Brief descriptive captions ->
:::

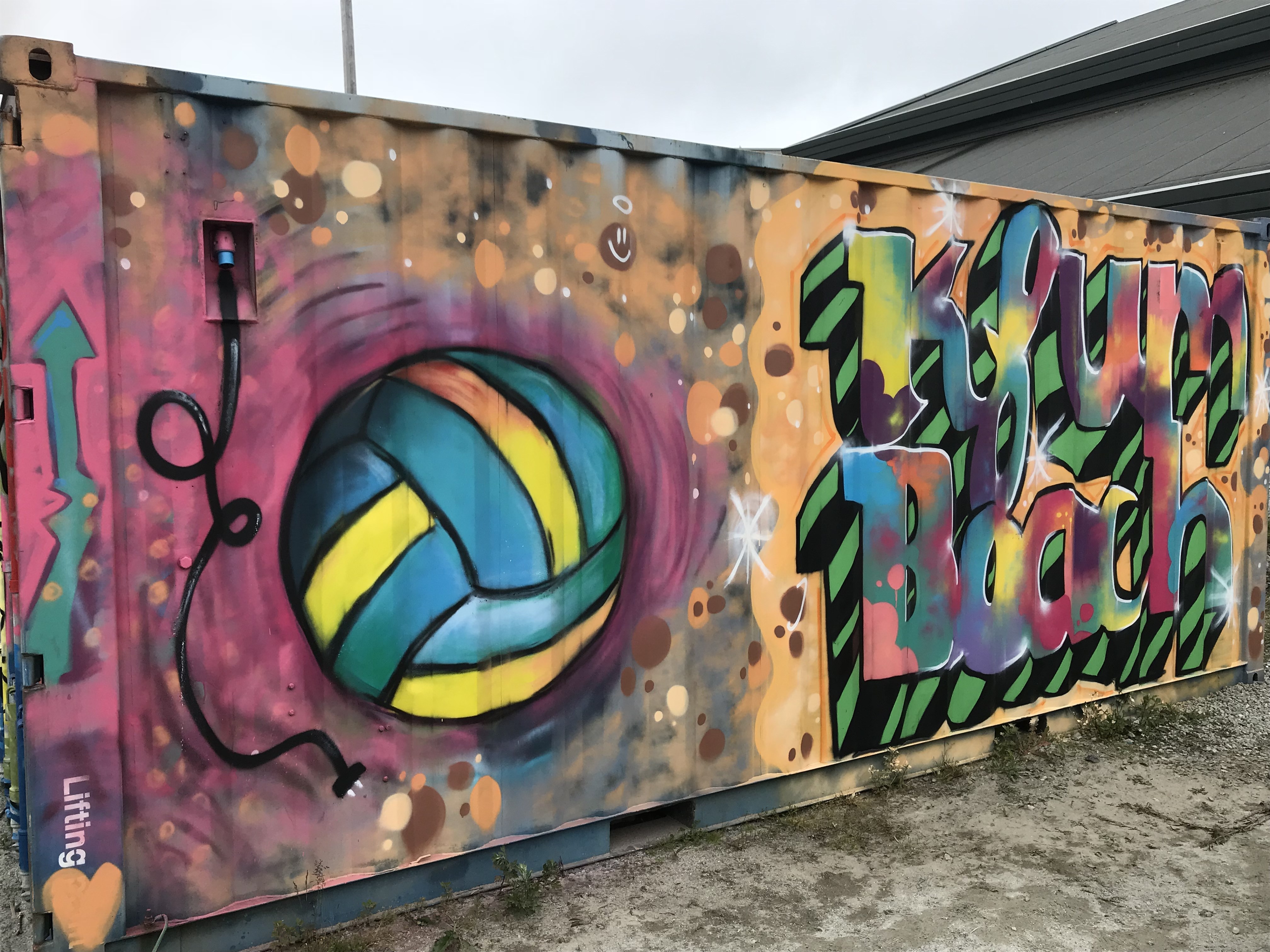 Kontainervegg med street art. En tegning av en volleyball med teksten &quot;kfum beach&quot;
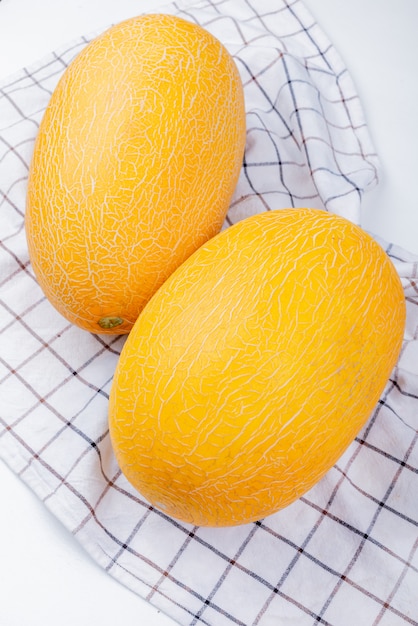 Vue latérale des melons sur tissu à carreaux et fond blanc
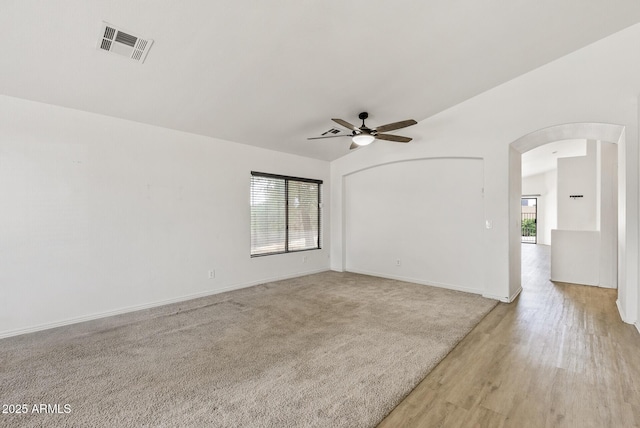 13438 N 130th Ln, El Mirage, AZ 85335 - unfurnished room with arched walkways, ceiling fan, and baseboards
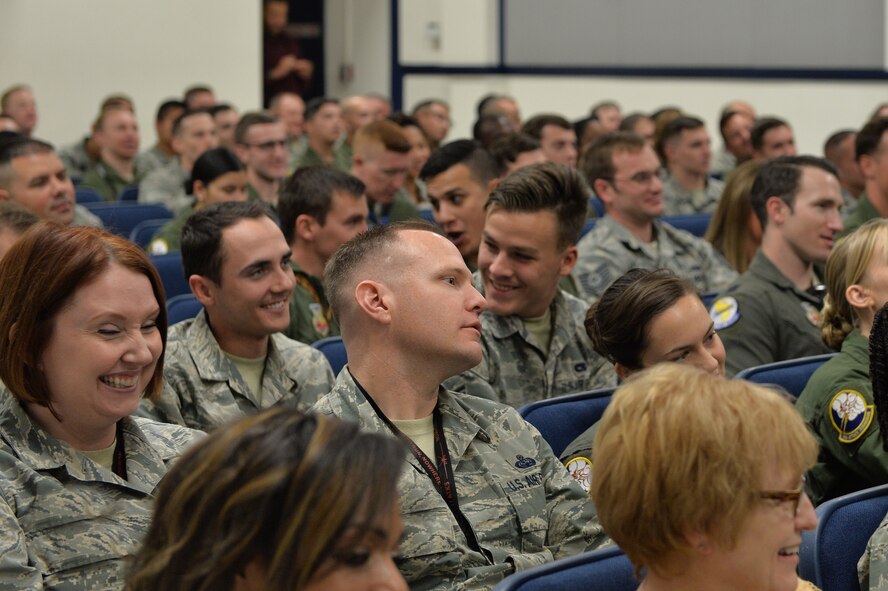 Audience members laugh as retired Lt. Col. Dave Grossman jokes about human interaction Nov. 13, 2017, at Creech Air Force Base, Nev. Grossman visited team Creech to discuss the psychological costs of military service with Airmen who are involved in combat operations on a daily basis. (U.S. Air Force Photo by Airman 1st Class Haley Stevens)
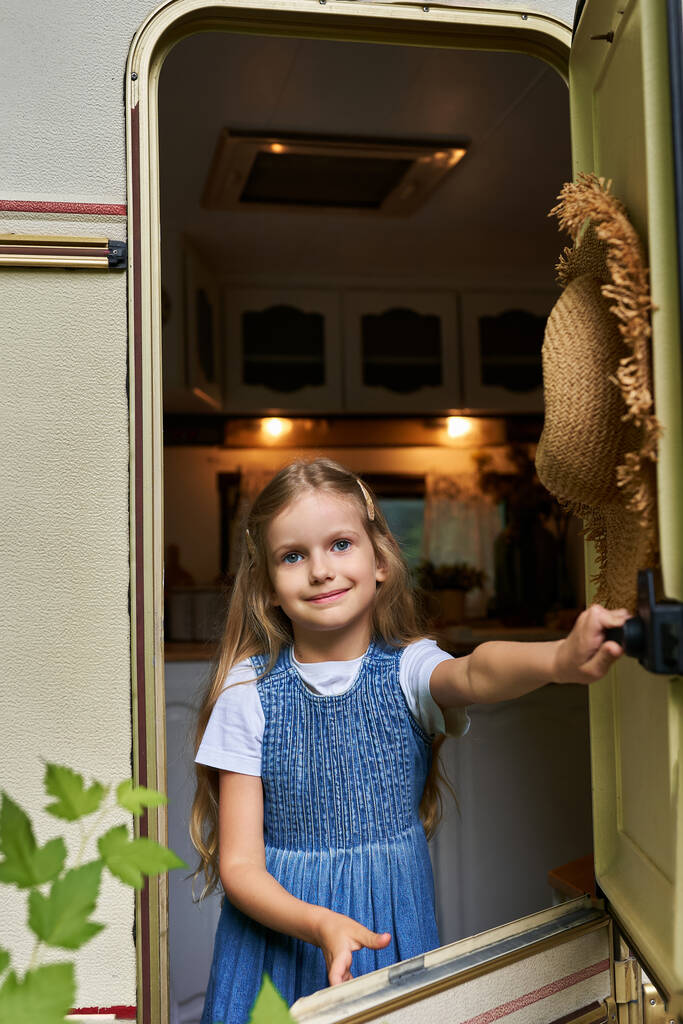 blondynka dziewczyna w dżinsowe sukienka otwarcie okna na przyczepie domu i patrząc na aparat fotograficzny, szczęśliwy dzieciństwo - Zdjęcie, obraz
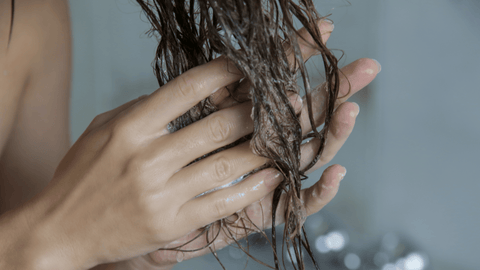 Bilden visar en närbild av en persons händer som applicerar balsam eller behandling i vått hår. Man kan se textur och glans i håret som tyder på vårdande produkter.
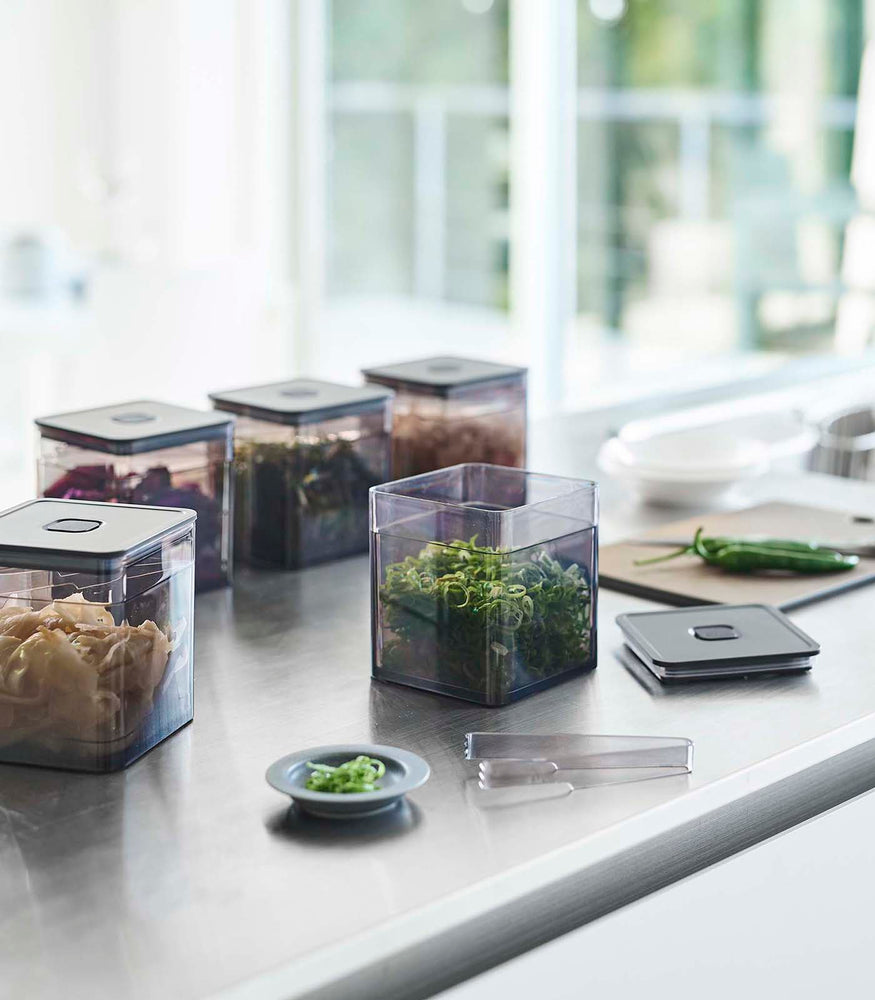 View 9 - Black Vacuum-Sealing Food Container w. Tongs holding scallions on kitchen countertop by Yamazaki Home.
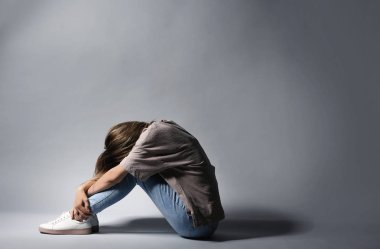 Gri arka plan üzerinde oturan yalnız depresif kadın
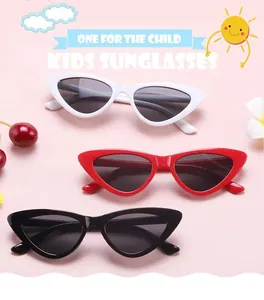 Stylish kids cat-eye sunglasses in white, red and black colors, perfect for summer fashion.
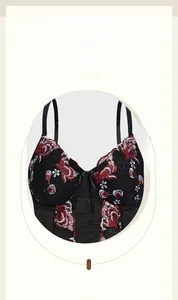 Detail of floral embroidery on mesh corset top with red flowers and satin bow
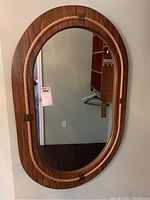 Full front view of the oval mirror mounted on a wall showing wood frame and rope detail.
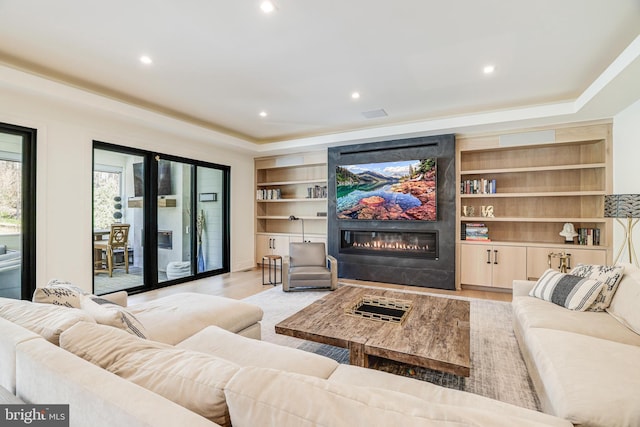 1544 Forest Villa Ln, Mclean, VA 22101 - living area with a fireplace, light wood-style floors, a tray ceiling, recessed lighting, and built in features
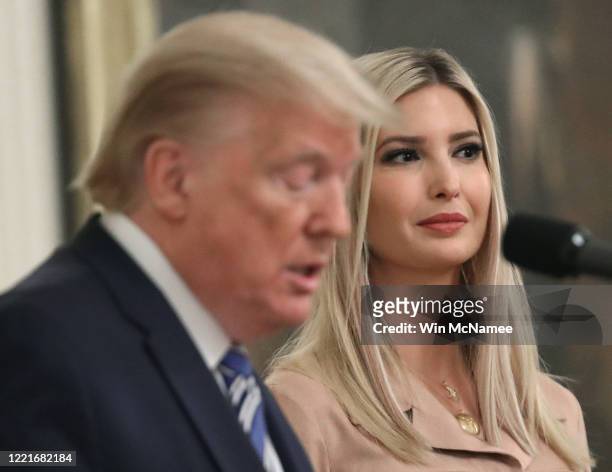 White House advisor Ivanka Trump listens to her father U.S. President Donald Trump deliver remarks on supporting small businesses through the...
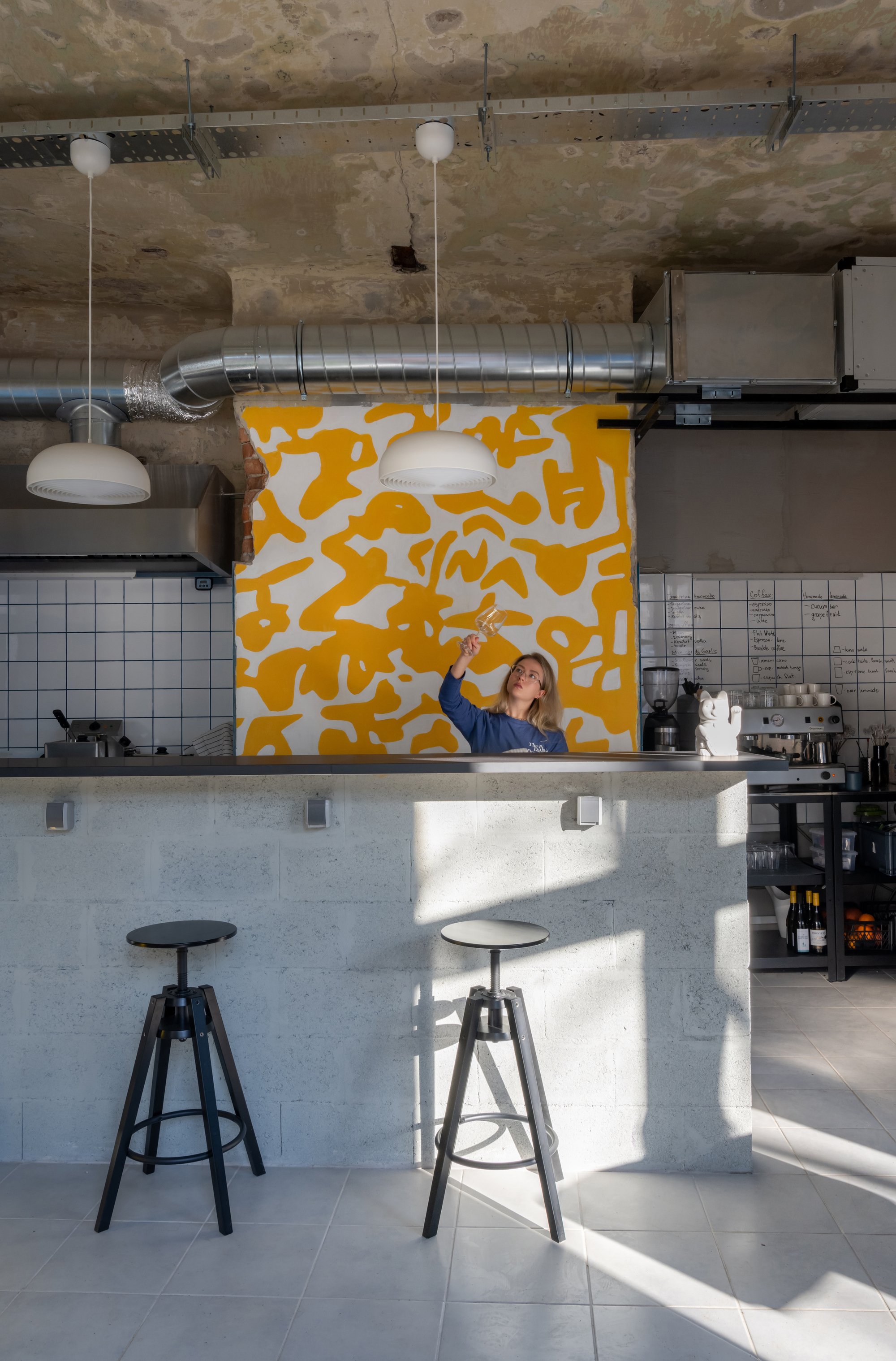 FREYA Architects Strips a Belgrade Storefront Back to Raw Concrete for a Youth-Driven Eatery
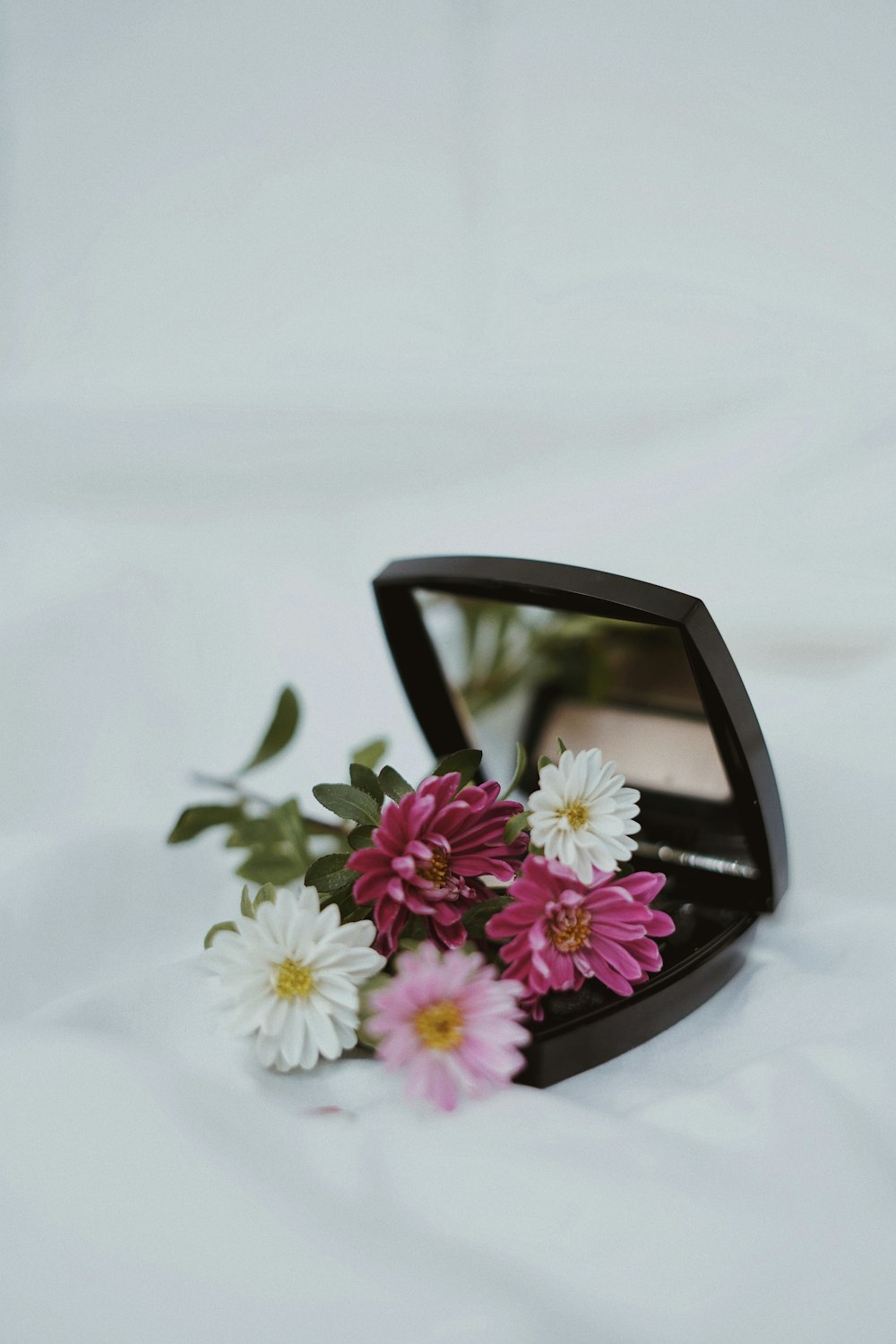 white and pink flower on black frame sunglasses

:::

Task details -> All of the data is to be transcribed exactly, with images omitted.

Your solution ->
 Kontainervegg med street art. En tegning av en volleyball med teksten &quot;kfum beach&quot;
 Vue latérale des melons sur tissu à carreaux et fond blanc
 13438 N 130th Ln, El Mirage, AZ 85335 - unfurnished room with arched walkways, ceiling fan, and baseboards
 Audience members laugh as retired Lt. Col. Dave Grossman jokes about human interaction Nov. 13, 2017, at Creech Air Force Base, Nev. Grossman visited team Creech to discuss the psychological costs of military service with Airmen who are involved in combat operations on a daily basis. (U.S. Air Force Photo by Airman 1st Class Haley Stevens)
 blondynka dziewczyna w dżinsowe sukienka otwarcie okna na przyczepie domu i patrząc na aparat fotograficzny, szczęśliwy dzieciństwo - Zdjęcie, obraz
 Bilden visar en närbild av en persons händer som applicerar balsam eller behandling i vått hår. Man kan se textur och glans i håret som tyder på vårdande produkter.
 View 9 - Black Vacuum-Sealing Food Container w. Tongs holding scallions on kitchen countertop by Yamazaki Home.
 Gri arka plan üzerinde oturan yalnız depresif kadın
 Stylish kids cat-eye sunglasses in white, red and black colors, perfect for summer fashion.
 Detail of floral embroidery on mesh corset top with red flowers and satin bow
 Full front view of the oval mirror mounted on a wall showing wood frame and rope detail.
 1544 Forest Villa Ln, Mclean, VA 22101 - living area with a fireplace, light wood-style floors, a tray ceiling, recessed lighting, and built in features
 White House advisor Ivanka Trump listens to her father U.S. President Donald Trump deliver remarks on supporting small businesses through the...
 FREYA Architects Strips a Belgrade Storefront Back to Raw Concrete for a Youth-Driven Eatery
 white and pink flower on black frame sunglasses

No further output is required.